-- Excerpted data follows --

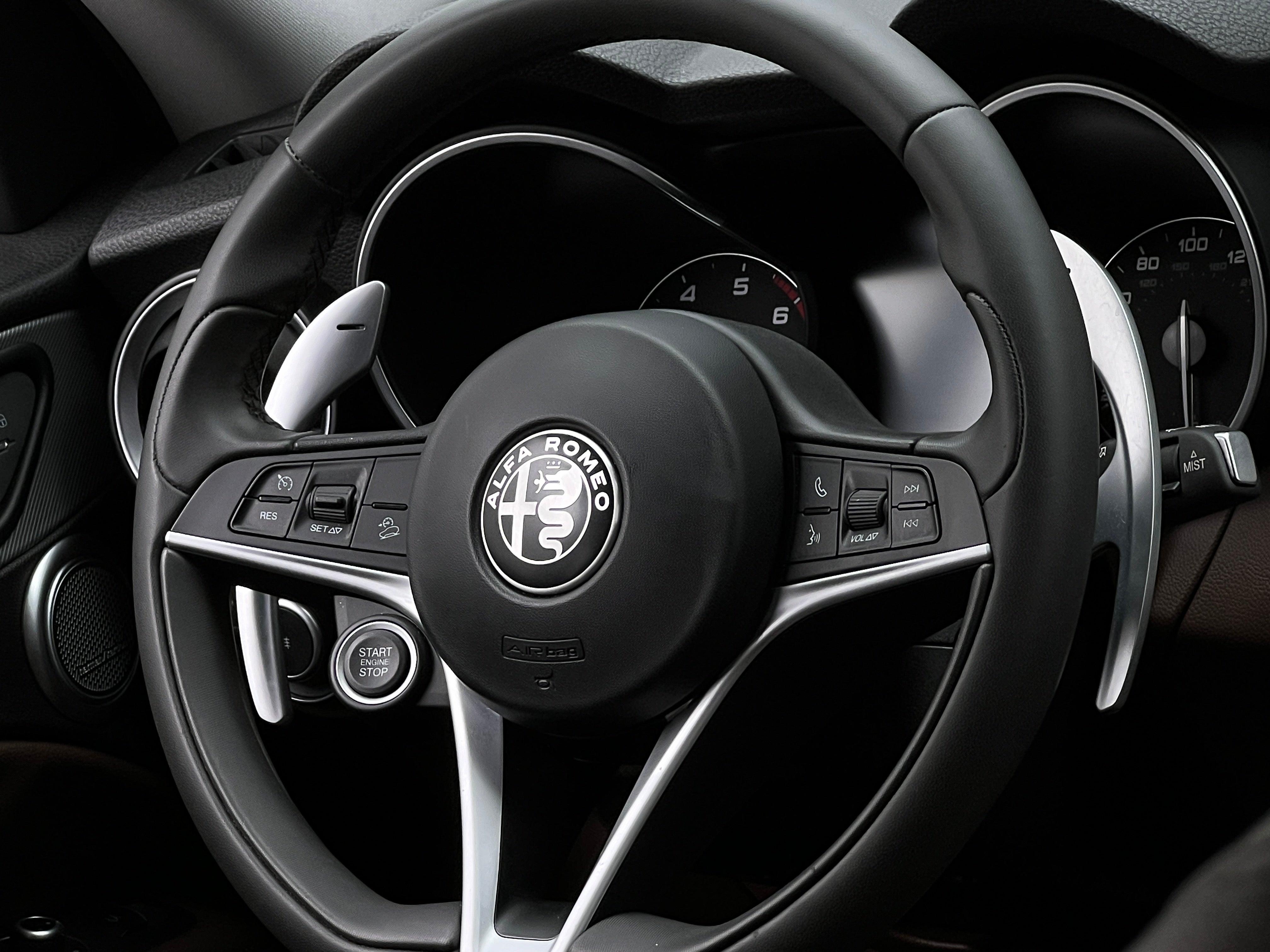 2018 Alfa Romeo Stelvio Sport 4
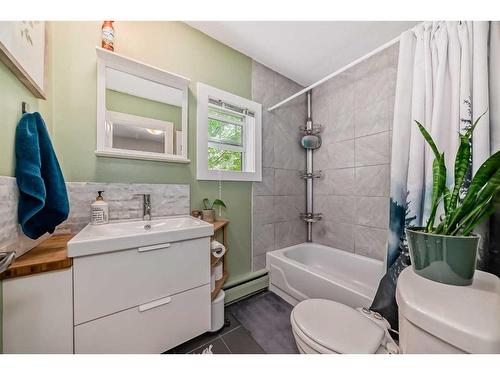 8-810 2 Street Ne, Calgary, AB - Indoor Photo Showing Bathroom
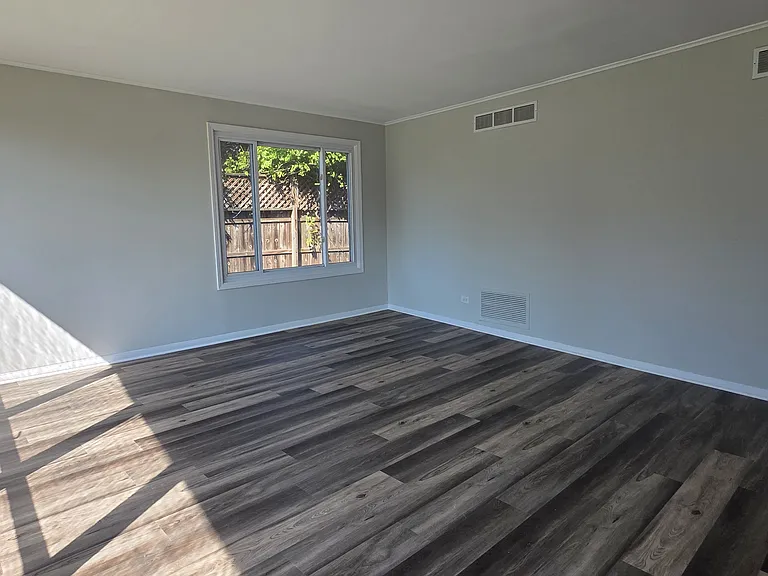 1439 S Highland Ave — Photo 6
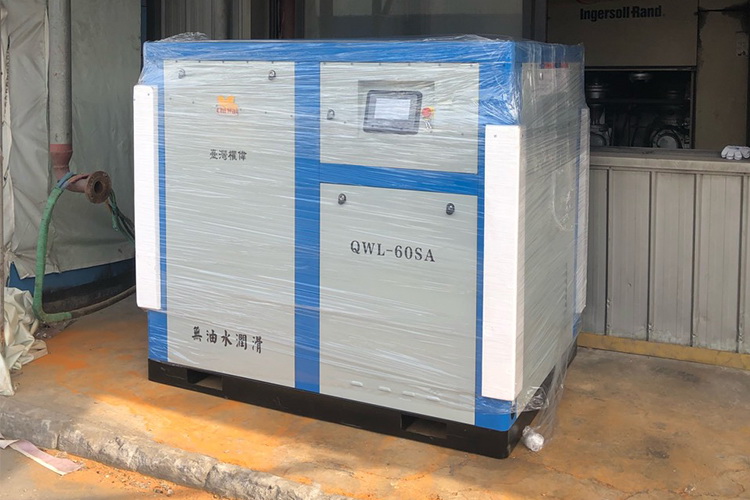 權(quán)偉空壓機(jī) 權(quán)偉空壓機(jī)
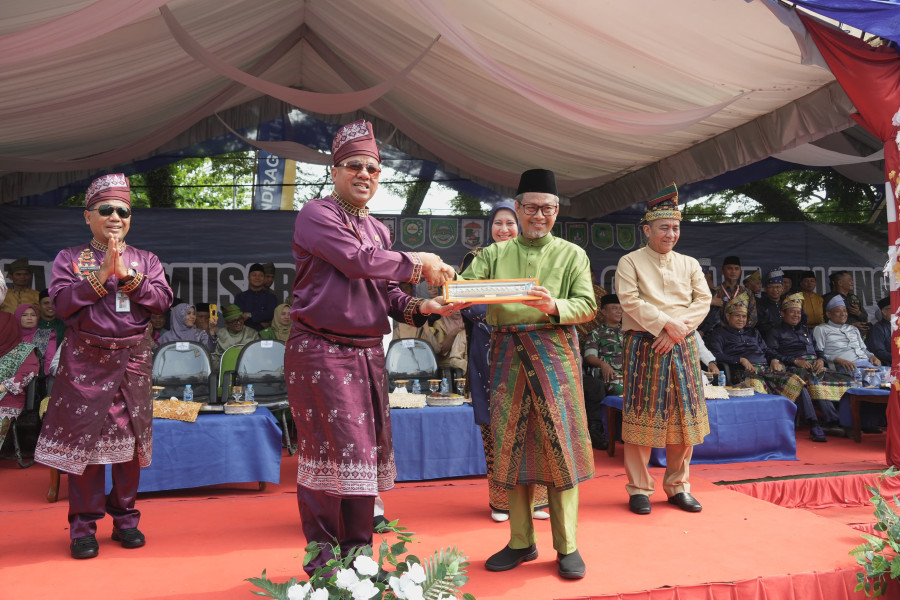 Tampilkan Budaya Magrib Mengaji Gubernur Riau Apresiasi Penampilan Kafilah Pawai Taaruf Kuansing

-- Excerpted data concluded --

(Required action) Reproduce exactly, and only, the part of the entries above that runs from the line with "1439 S Highland Ave — Photo 6" to the last line, both included. Pictures stay out.

(Exercise response)
 1439 S Highland Ave — Photo 6
 權(quán)偉空壓機(jī) 權(quán)偉空壓機(jī)
 Tampilkan Budaya Magrib Mengaji Gubernur Riau Apresiasi Penampilan Kafilah Pawai Taaruf Kuansing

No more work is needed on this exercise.